----- Source material -----

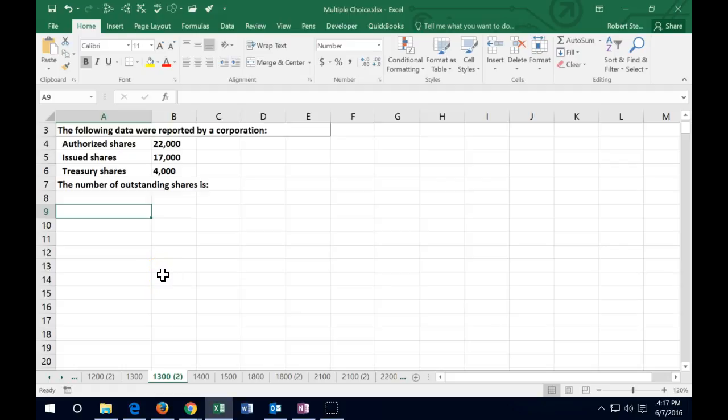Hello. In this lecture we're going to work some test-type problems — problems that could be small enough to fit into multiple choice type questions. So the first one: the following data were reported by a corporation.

-----
----- Source material -----

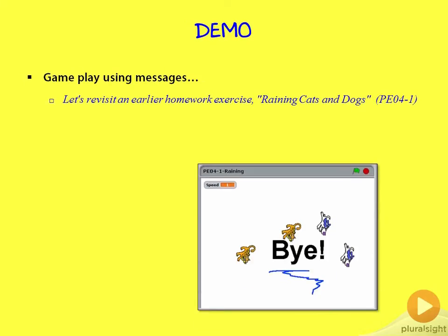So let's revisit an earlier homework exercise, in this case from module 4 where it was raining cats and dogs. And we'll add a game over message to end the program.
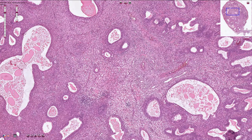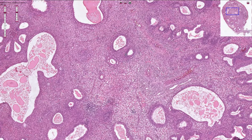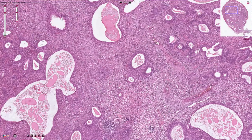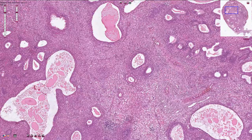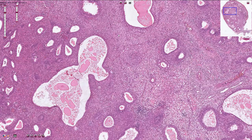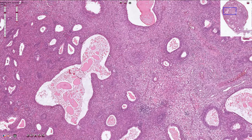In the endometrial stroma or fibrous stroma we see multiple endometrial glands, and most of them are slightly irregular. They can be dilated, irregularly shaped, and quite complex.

-----

Would you copy the lines above exactly, starting with the one that has "So let's revisit" and ending with the one that has "In the endometrial", both included, without the pictures?

**Written response**
So let's revisit an earlier homework exercise, in this case from module 4 where it was raining cats and dogs. And we'll add a game over message to end the program.
In the endometrial stroma or fibrous stroma we see multiple endometrial glands, and most of them are slightly irregular. They can be dilated, irregularly shaped, and quite complex.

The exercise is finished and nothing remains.